Chronobiology
Author: Agustina Bruno Vignolo | email: agustinabrunovignolo@gmail.com
Agustina Bruno Vignolo 1°, Nara Inés Muraro 1°
1° IBioBA-CONICET-MPSP
The circadian oscillator of Drosophila is composed of approximately 150 clock neurons that express a set of molecular components, called clock genes, which through negative feedback loops coordinate the oscillation of gene expression and physiological parameters with a period close to 24 hours. A subgroup of clock neurons, called ventral lateral neurons (LNvs) is characterized by the expression of the neuropeptide Pigment Dispersing Factor (PDF) and play a fundamental role in the control of alertness and are essential for the regulation of sleep/wake behavior via a yet not fully understood neuronal circuit. Previous work from our laboratory has identified ClC-a, a voltage-dependent chloride channel, as a potential key element in the physiology of the LNvs.

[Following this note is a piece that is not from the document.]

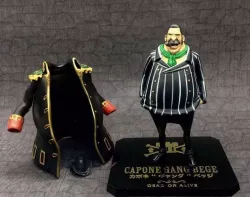 One Piece Capone Gang Bege 3D print model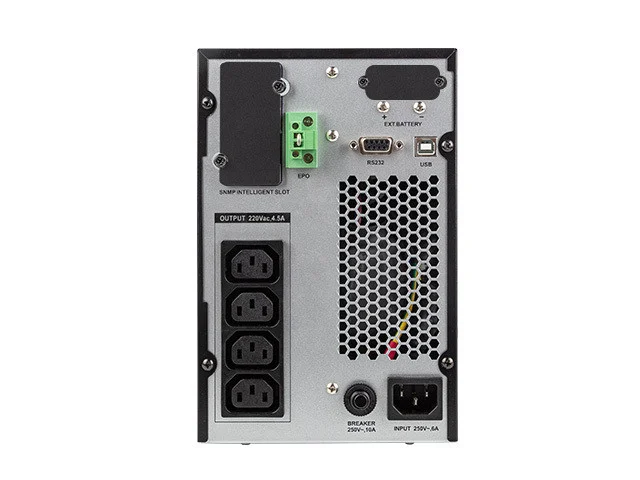 UPS ARMAC OFFICE ON-LINE PF1 1000VA LCD 4X IEC C13 METAL CASE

This channel has not been explored in Drosophila adult neurons before. Therefore, the main objective of this project is to characterize the role of neuronal CIC-a and its mechanism of action. As an initial approach we have started to explore the ClC-a in determining behavioral outputs. Our findings indicate that downregulation of ClC-a in LNvs increases sleep, both in females and males. Surprisingly, downregulation of ClC-a in glial cells reduces sleep in males, but does not affect sleep in females. Consistently, downregulation of ClC-a in all cell types reduces latency to siesta sleep. Future work will explore how ClC-a affects LNvs physiology using patch-clamp electrophysiological approaches.